- Good Quality -
設立が1994年と歴史は浅いのですが、以前はベガ・シシリアに葡萄を売っており、設立と同時にピングスでお馴染みのピーター・シセックをコンサルタントに任命するなど、非常に良質なワインをコンスタントに生み出しています。より上位の「ネブロ」と比較すると、この「フィンカ・ビリャクレセス」は比較的導入しやすいラインに位置しています。

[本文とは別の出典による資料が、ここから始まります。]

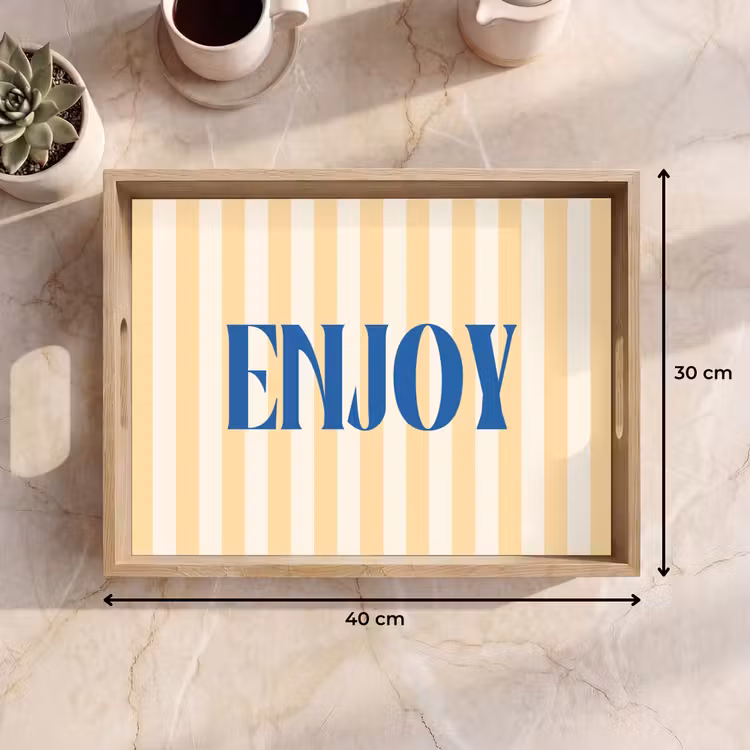 Dienblad - Blauw - Geel - Strepen - Enjoy — 9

ヴィンテージの影響なのか、2004年とは根本的な指向性やスタイルが異なる傾向にあり、相対的にカベルネ系の資質が色濃く反映され、全体像としてはやや細身(ある種サンジョヴェーゼっぽい体躯感かも?)で重量感もやや軽めとなっています。ビリャクレセスらしいしっかりとした造りではあるものの、どちらかというとサラリとした立ち振る舞いで、果実感や体躯内部の充足感がやや控えめな傾向にあります。しかし、それでも表層から伺える「味覚で感じる美味しさ」というのは2004年とそう大きな差はなく、単体で飲んだ場合は素直に楽しめる良質な造りとなっているので、この2005年も安心して選択してすることができそうです。ただし、テイスティング的な観点で挑んだ場合、2004年の持つ充実感の前に多少影が薄くなる傾向にあるので、あくまでも同列に比較するのではなく、しっかりと個の持つ魅力や美点を尊重するよう意識したいところです(酸味の資質の差が興味深いかも?)。